- [What you will do]:
Output the lines below exactly, please, from the first line until the line with "Vinyard Vines Chino", counting both.

--- Source records ---

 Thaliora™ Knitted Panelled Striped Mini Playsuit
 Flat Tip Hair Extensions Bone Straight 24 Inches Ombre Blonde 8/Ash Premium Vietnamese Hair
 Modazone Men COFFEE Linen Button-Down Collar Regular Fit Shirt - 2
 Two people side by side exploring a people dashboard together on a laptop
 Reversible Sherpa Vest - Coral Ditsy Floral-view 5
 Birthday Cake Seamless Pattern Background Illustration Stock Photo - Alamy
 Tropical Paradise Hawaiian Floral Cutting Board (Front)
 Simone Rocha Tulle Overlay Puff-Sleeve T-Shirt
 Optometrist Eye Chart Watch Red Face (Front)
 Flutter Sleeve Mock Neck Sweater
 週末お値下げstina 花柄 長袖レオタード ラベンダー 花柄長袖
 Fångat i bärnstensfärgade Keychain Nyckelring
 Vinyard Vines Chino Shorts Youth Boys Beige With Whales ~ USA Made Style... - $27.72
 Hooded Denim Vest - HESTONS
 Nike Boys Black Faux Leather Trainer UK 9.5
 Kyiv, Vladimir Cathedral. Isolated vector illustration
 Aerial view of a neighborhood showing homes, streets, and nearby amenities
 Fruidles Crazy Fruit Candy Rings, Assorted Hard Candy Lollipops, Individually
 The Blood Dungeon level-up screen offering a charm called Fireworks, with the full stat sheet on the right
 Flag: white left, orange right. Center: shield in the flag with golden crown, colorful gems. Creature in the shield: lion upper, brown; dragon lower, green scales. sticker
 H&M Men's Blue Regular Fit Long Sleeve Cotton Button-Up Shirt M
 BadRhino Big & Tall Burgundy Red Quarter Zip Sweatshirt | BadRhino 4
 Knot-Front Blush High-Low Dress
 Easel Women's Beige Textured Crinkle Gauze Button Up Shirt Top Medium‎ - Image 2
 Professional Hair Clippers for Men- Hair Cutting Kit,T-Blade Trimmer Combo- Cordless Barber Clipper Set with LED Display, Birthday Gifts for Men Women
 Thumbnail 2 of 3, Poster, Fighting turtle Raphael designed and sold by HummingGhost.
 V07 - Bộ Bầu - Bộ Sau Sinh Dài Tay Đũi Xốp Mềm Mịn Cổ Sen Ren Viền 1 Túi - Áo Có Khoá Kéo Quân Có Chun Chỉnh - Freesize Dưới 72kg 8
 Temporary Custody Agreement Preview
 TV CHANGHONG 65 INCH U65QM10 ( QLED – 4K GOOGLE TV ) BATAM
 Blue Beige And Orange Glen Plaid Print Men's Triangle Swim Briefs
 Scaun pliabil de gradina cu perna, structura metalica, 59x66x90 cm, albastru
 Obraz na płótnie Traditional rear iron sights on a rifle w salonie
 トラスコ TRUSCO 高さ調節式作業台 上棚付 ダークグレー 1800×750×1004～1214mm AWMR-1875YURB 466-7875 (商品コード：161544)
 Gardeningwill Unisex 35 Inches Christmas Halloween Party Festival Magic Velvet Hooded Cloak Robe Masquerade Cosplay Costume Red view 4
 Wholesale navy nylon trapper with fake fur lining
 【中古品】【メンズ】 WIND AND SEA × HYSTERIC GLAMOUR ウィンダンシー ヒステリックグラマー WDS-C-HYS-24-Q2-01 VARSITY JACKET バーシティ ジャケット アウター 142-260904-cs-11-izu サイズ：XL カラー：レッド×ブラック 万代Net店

---

- [Response below]:
 Thaliora™ Knitted Panelled Striped Mini Playsuit
 Flat Tip Hair Extensions Bone Straight 24 Inches Ombre Blonde 8/Ash Premium Vietnamese Hair
 Modazone Men COFFEE Linen Button-Down Collar Regular Fit Shirt - 2
 Two people side by side exploring a people dashboard together on a laptop
 Reversible Sherpa Vest - Coral Ditsy Floral-view 5
 Birthday Cake Seamless Pattern Background Illustration Stock Photo - Alamy
 Tropical Paradise Hawaiian Floral Cutting Board (Front)
 Simone Rocha Tulle Overlay Puff-Sleeve T-Shirt
 Optometrist Eye Chart Watch Red Face (Front)
 Flutter Sleeve Mock Neck Sweater
 週末お値下げstina 花柄 長袖レオタード ラベンダー 花柄長袖
 Fångat i bärnstensfärgade Keychain Nyckelring
 Vinyard Vines Chino Shorts Youth Boys Beige With Whales ~ USA Made Style... - $27.72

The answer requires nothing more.